INFO:graphcat.common:Task A finished. Output: None
INFO:graphcat.common:Task B finished. Output: None
INFO:graphcat.common:Task C finished. Output: None
../_images/user-guide_cycles_17_1.svg

Although the order of the logged messages is different because this is a dynamic graph, the cycle originating at “B” is detected, and the graph is executed as if the link from “B” to “A” doesn’t exist, just like the static version.

Final Thoughts

As you can see, Graphcat will never misbehave or hang due to a cycle in your graphs, and we’ve put in real effort to ensure that its behavior when cycles are encountered is consistent and well defined. This is to ensure that you can work confidently with Graphcat, never having to worry that an experiment or a misconfiguration will cause an infinite loop or a crash. Having said that, there is little reason to ever intentionally put cycles in a graph, because cycles are almost always the product of an ill-posed problem. When you have tasks with mutual dependencies, it typically means that you need to further decompose your problem into smaller sub-tasks, gradually teasing them apart until the interdependencies disappear.

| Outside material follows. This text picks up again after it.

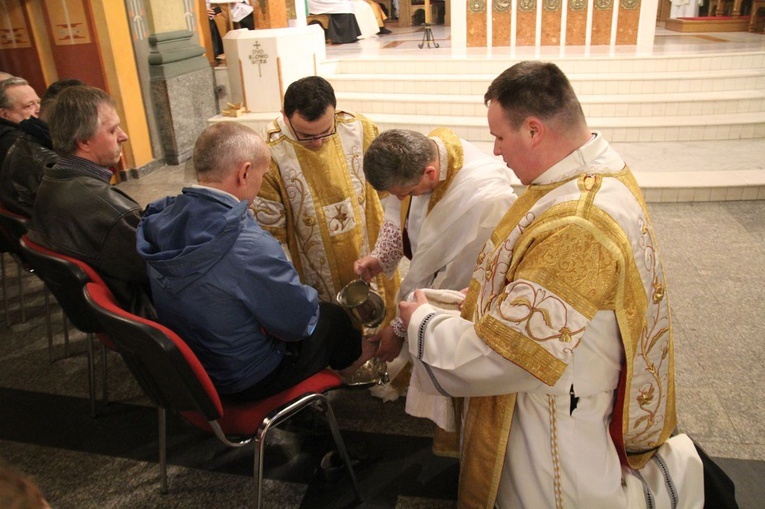 Bp Roman Pindel umył nogi dwunastu mężczyznom w katedrze św. Mikołaja.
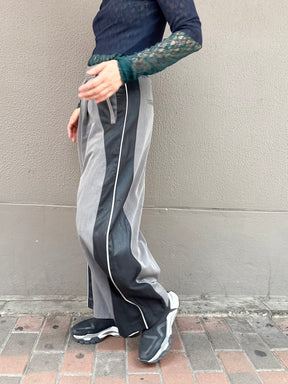 レザースイッチングコクーンワイドパンツ | LEATHER SWITCHING COCOON WIDE PANTS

If you want to enforce a “no cycles” policy, you can tap into the same signal mechanism used for logging to raise an exception or implement other behavior when a cycle occurs. For example:

[10]:
def no_cycles_allowed(graph, name):
    raise RuntimeError(f"Illegal cycle detected originating with task {name}!")

graph.on_cycle.connect(no_cycles_allowed)

graph.mark_unfinished("A")

try:
    graph.update("C")
except Exception as e:
    print(f"Unhandled exception: {e}")
INFO:graphcat.common:Task C updating.
INFO:graphcat.common:Task C executing. Inputs: {None}
INFO:graphcat.common:Task B updating.
INFO:graphcat.common:Task B executing. Inputs: {None}
INFO:graphcat.common:Task A updating.
INFO:graphcat.common:Task A executing. Inputs: {None}
ERROR:graphcat.common:Task A failed. Exception: Illegal cycle detected originating with task B!
ERROR:graphcat.common:Task B failed. Exception: Illegal cycle detected originating with task B!
ERROR:graphcat.common:Task C failed. Exception: Illegal cycle detected originating with task B!
Unhandled exception: Illegal cycle detected originating with task B!